### [What you should do]
Below are some records. Print exactly the lines between the one holding "Groove Testimonial Examples" and the one holding "Gabinete Suspenso Com", inclusive, and nothing else.

··· Task input ···

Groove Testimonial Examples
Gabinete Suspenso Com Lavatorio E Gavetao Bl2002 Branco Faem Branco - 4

···
··· Task input ···

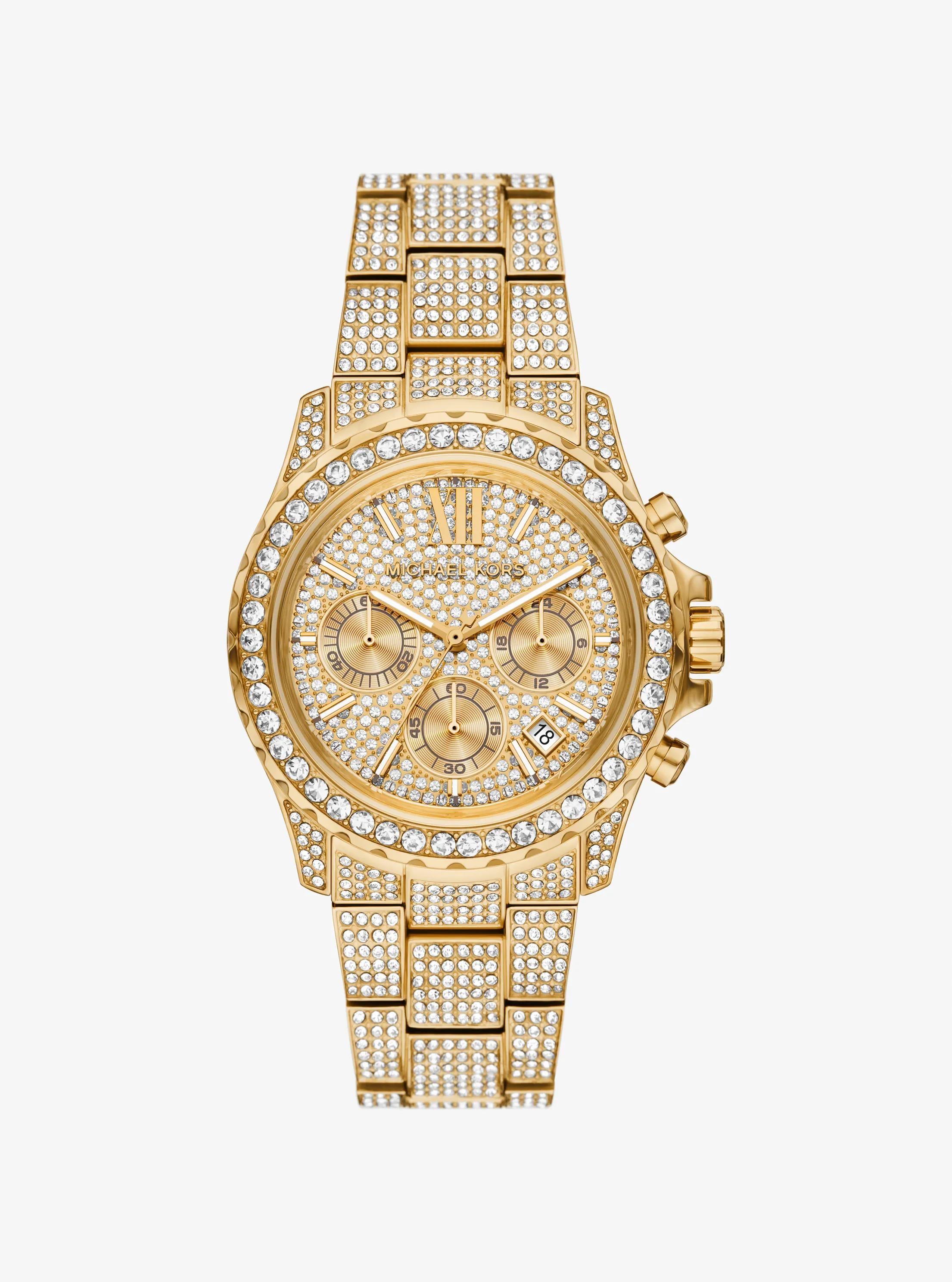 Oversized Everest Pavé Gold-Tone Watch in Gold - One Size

···

### [Response to this exercise]
Groove Testimonial Examples
Gabinete Suspenso Com Lavatorio E Gavetao Bl2002 Branco Faem Branco - 4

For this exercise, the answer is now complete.